What you are asked to do> Please repeat, precisely as written, only the lines from the one containing "0707152806153141.jpg - Badger on path" through the last line of the records below, pictures omitted.

The input>
»»

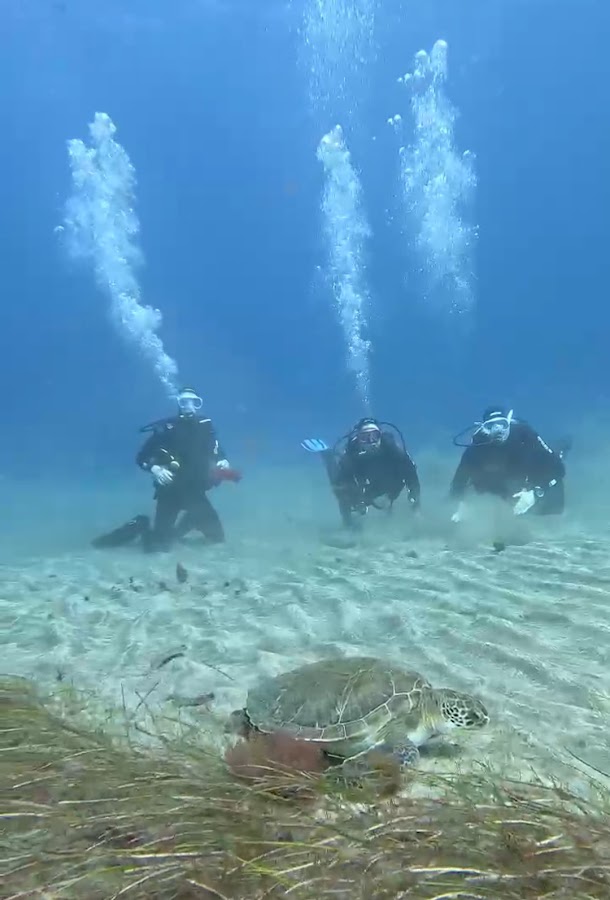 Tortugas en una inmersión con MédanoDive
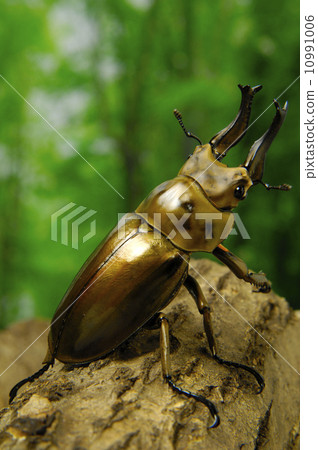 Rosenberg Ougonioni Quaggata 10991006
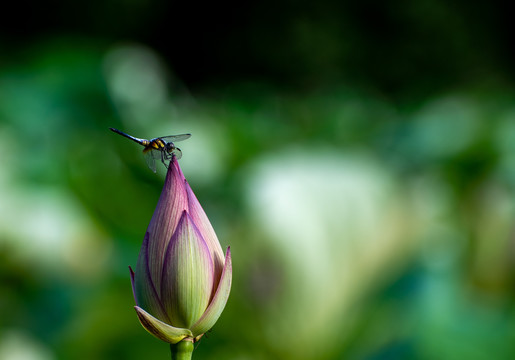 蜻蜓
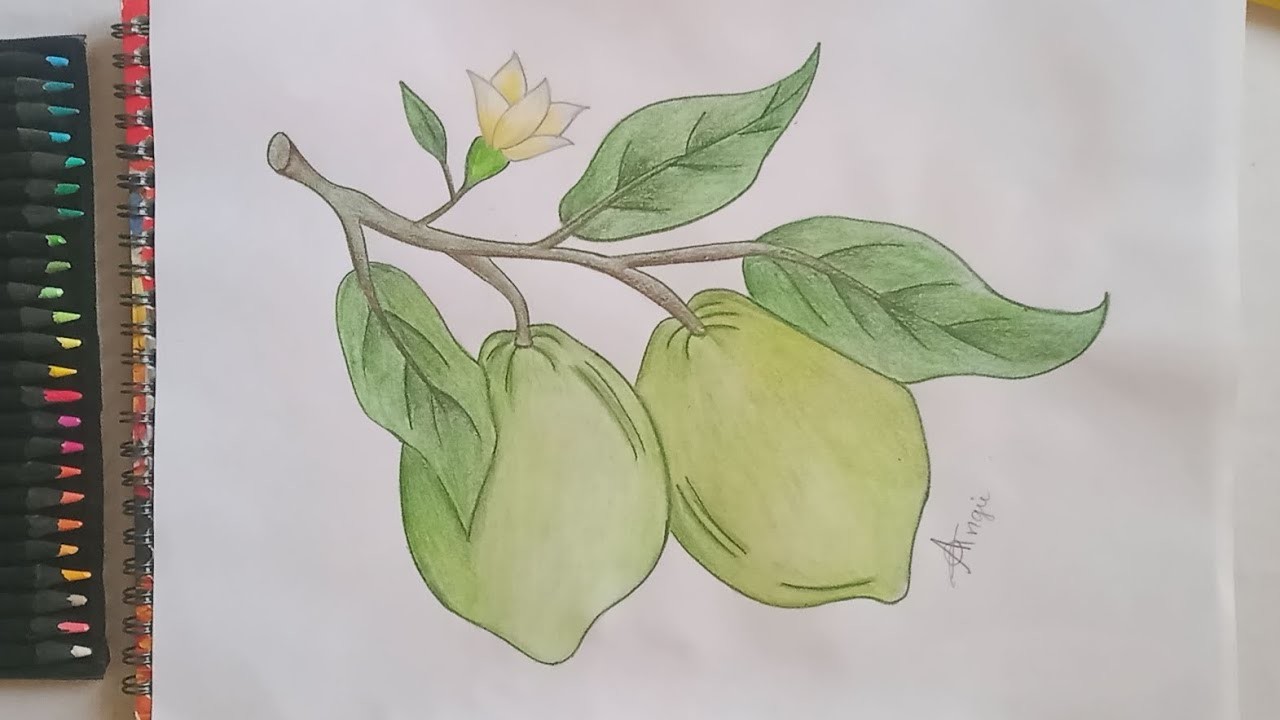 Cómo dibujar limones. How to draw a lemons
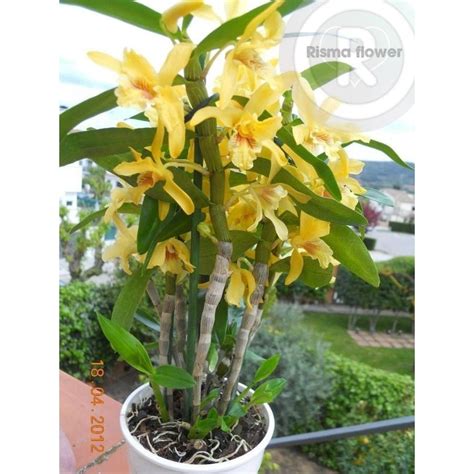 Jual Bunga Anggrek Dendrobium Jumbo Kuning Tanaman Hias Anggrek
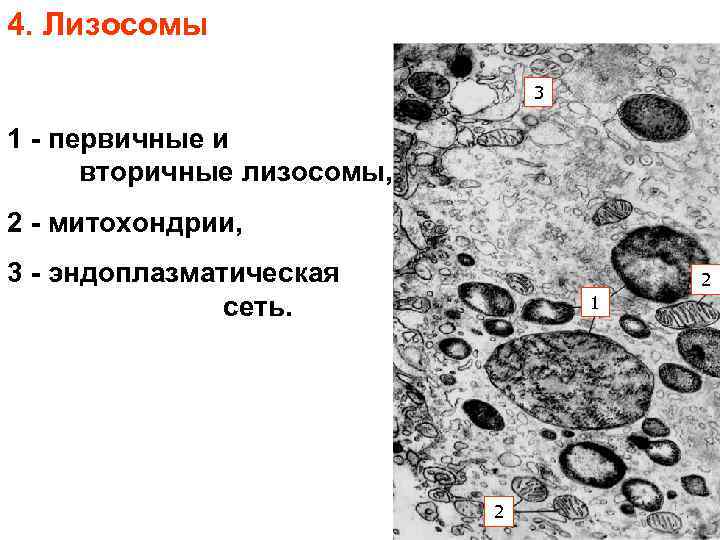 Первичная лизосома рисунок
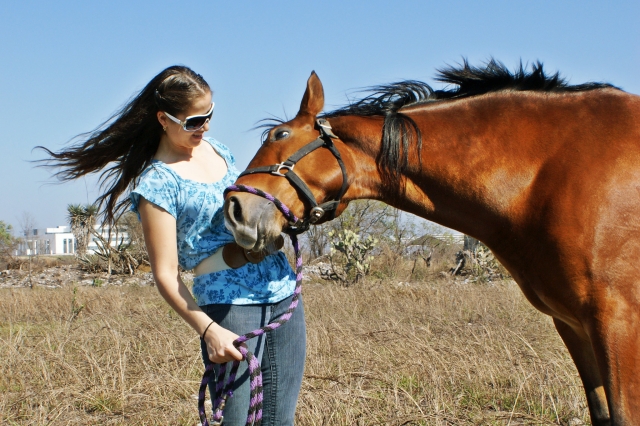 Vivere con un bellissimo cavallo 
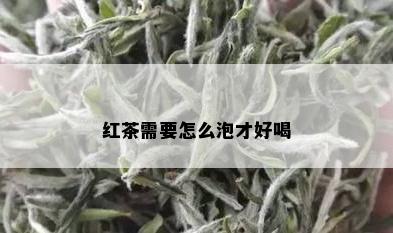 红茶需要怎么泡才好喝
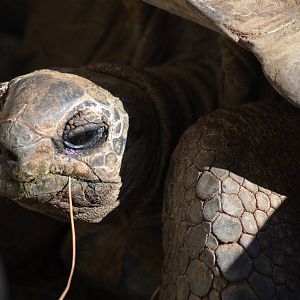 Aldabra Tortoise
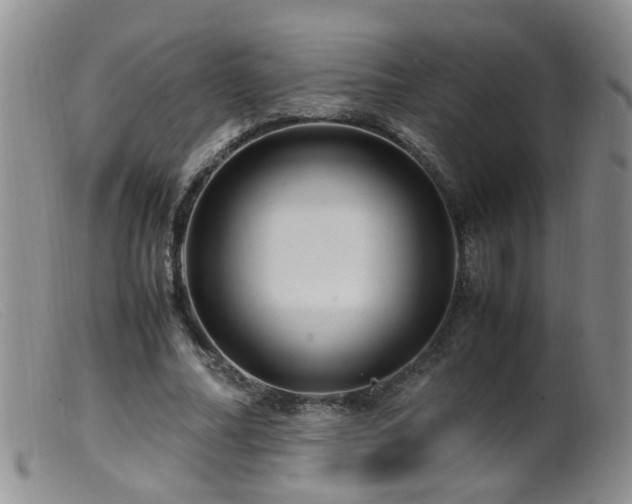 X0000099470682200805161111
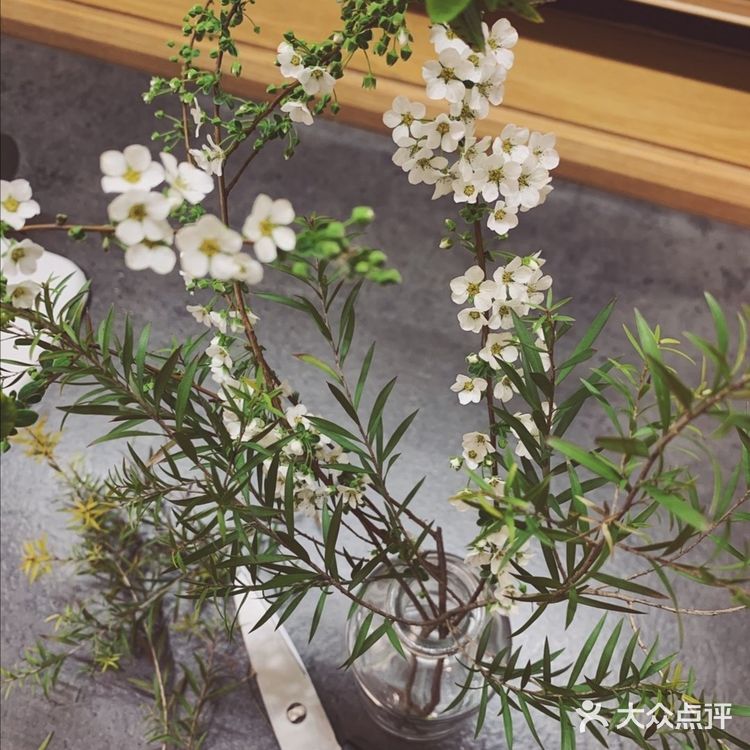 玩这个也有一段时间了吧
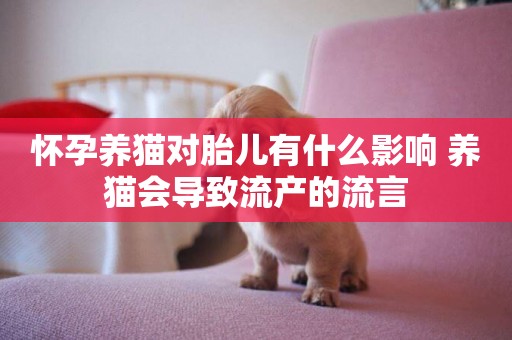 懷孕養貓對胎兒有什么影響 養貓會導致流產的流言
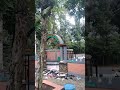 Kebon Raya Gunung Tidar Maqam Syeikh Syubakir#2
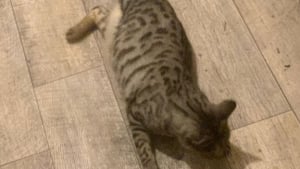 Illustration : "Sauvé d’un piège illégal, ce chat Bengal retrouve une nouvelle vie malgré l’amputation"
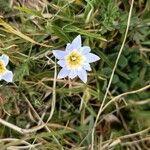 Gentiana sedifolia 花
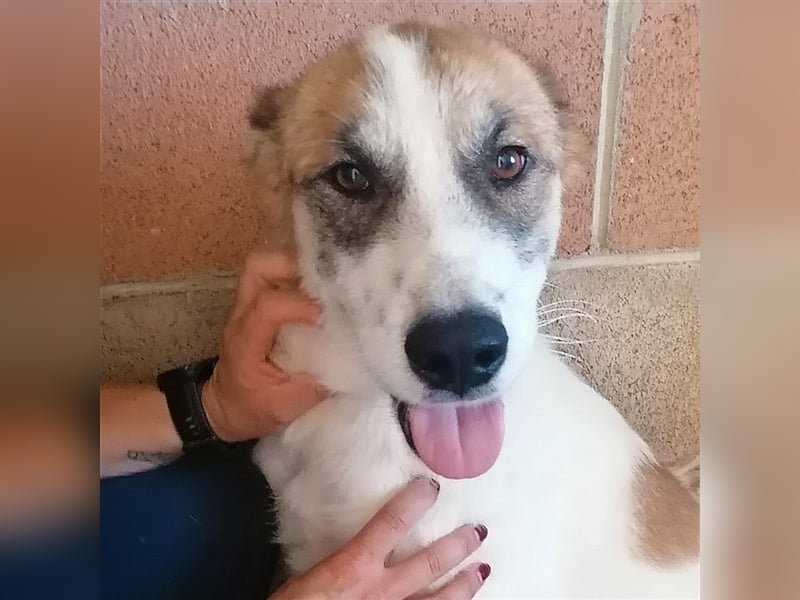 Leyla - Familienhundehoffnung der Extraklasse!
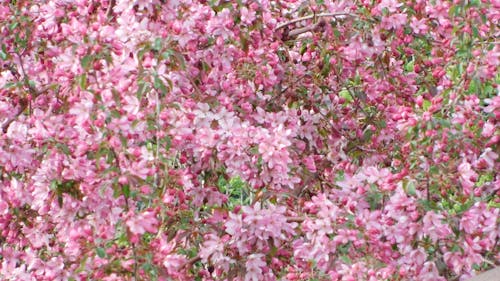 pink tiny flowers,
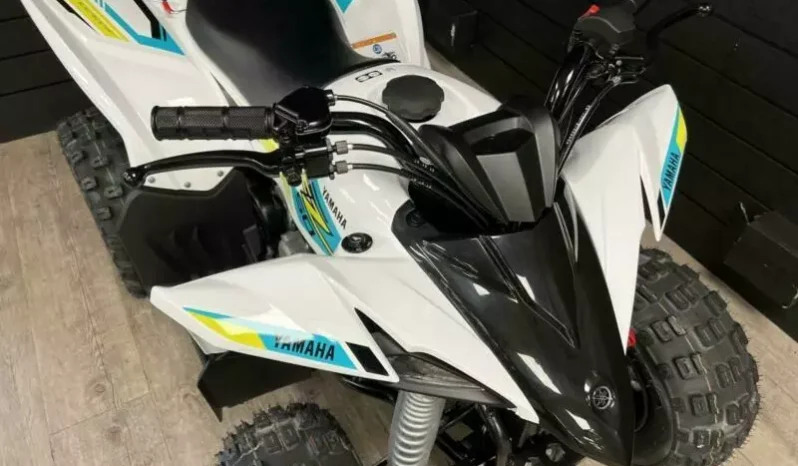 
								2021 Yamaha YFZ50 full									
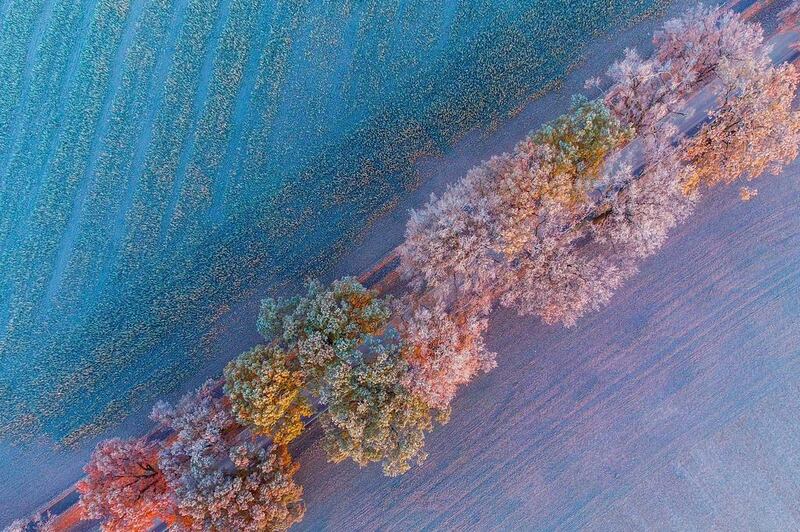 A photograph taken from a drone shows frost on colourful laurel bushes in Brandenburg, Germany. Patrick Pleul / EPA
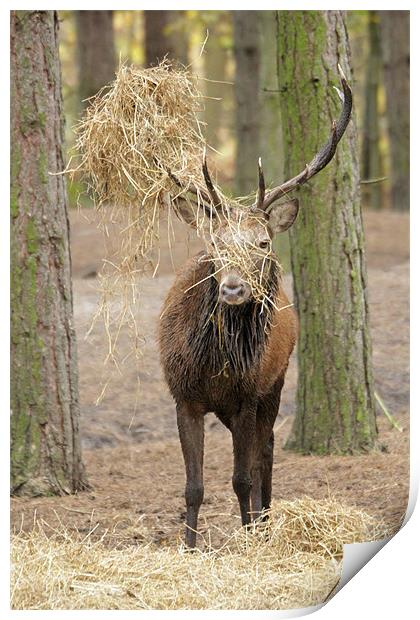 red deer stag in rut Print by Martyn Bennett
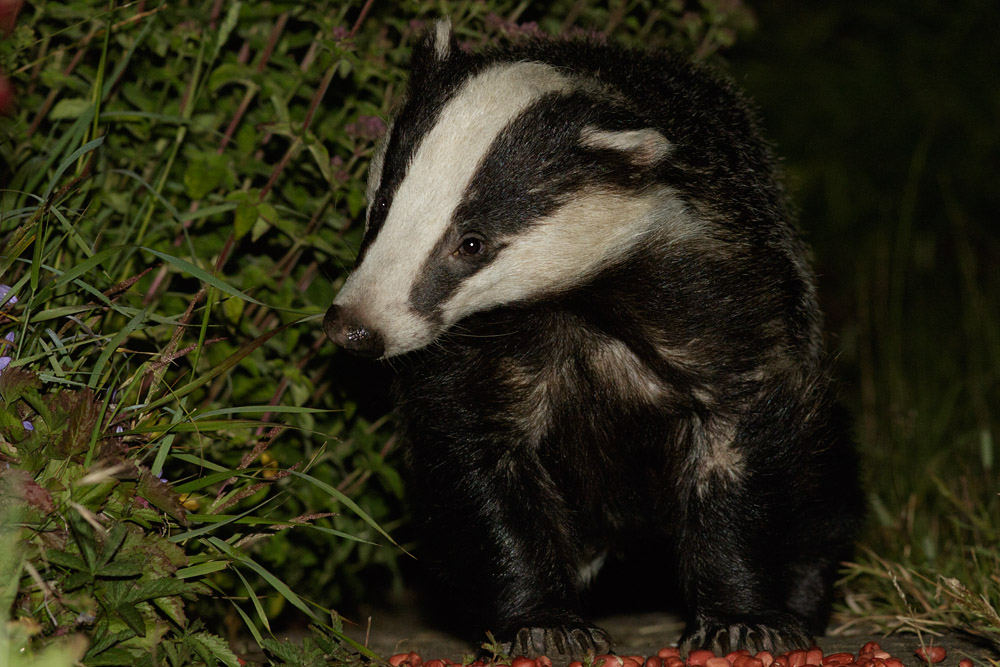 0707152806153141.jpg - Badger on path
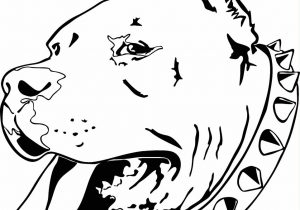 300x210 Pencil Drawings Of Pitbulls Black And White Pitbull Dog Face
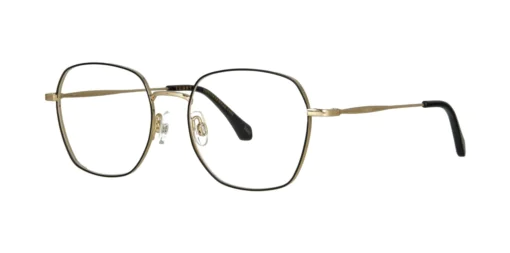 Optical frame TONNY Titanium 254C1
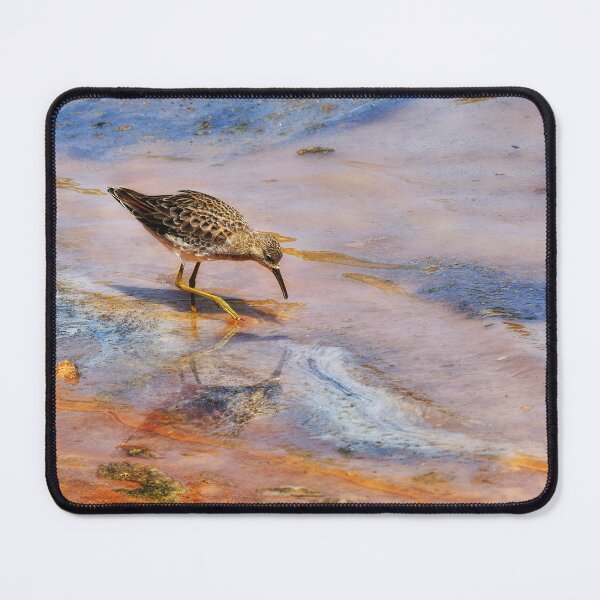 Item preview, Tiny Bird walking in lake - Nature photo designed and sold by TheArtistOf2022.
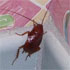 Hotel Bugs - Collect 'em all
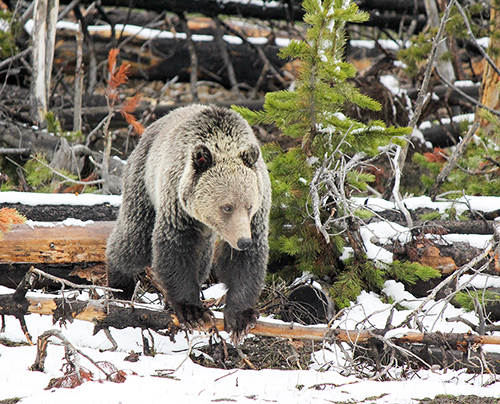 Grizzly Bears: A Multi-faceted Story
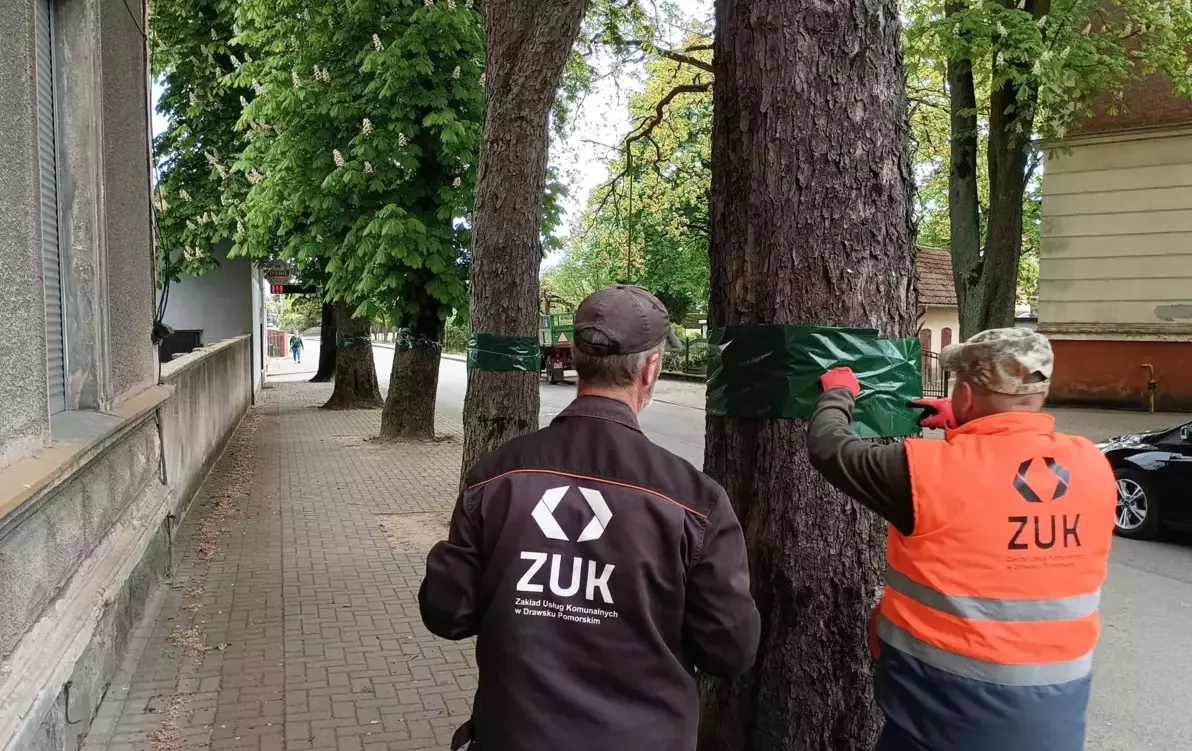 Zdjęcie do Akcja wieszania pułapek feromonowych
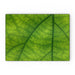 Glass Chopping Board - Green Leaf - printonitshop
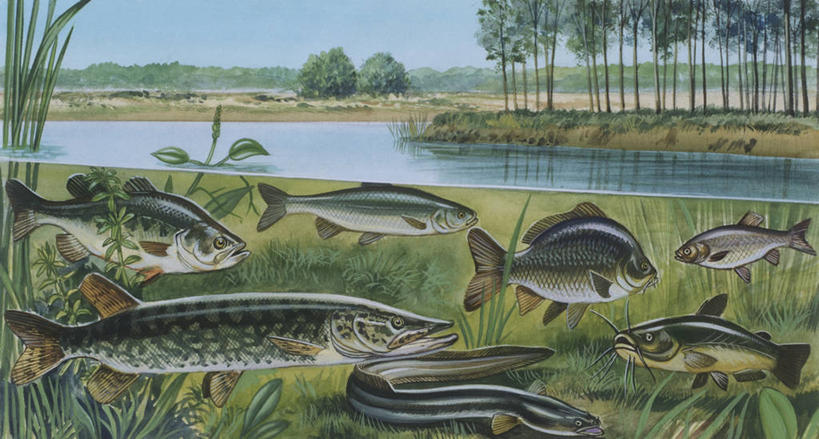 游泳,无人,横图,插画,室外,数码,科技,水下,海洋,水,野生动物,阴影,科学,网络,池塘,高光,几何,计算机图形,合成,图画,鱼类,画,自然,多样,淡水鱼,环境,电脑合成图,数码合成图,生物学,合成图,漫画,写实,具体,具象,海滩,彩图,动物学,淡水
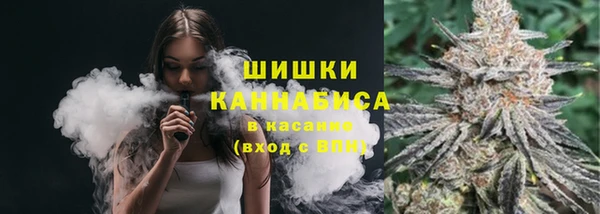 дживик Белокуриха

««

Response area>
 0707152806153141.jpg - Badger on path
 300x210 Pencil Drawings Of Pitbulls Black And White Pitbull Dog Face
 Optical frame TONNY Titanium 254C1
 Item preview, Tiny Bird walking in lake - Nature photo designed and sold by TheArtistOf2022.
 Hotel Bugs - Collect 'em all
 Grizzly Bears: A Multi-faceted Story
 Zdjęcie do Akcja wieszania pułapek feromonowych
 Glass Chopping Board - Green Leaf - printonitshop
 游泳,无人,横图,插画,室外,数码,科技,水下,海洋,水,野生动物,阴影,科学,网络,池塘,高光,几何,计算机图形,合成,图画,鱼类,画,自然,多样,淡水鱼,环境,电脑合成图,数码合成图,生物学,合成图,漫画,写实,具体,具象,海滩,彩图,动物学,淡水
 дживик Белокуриха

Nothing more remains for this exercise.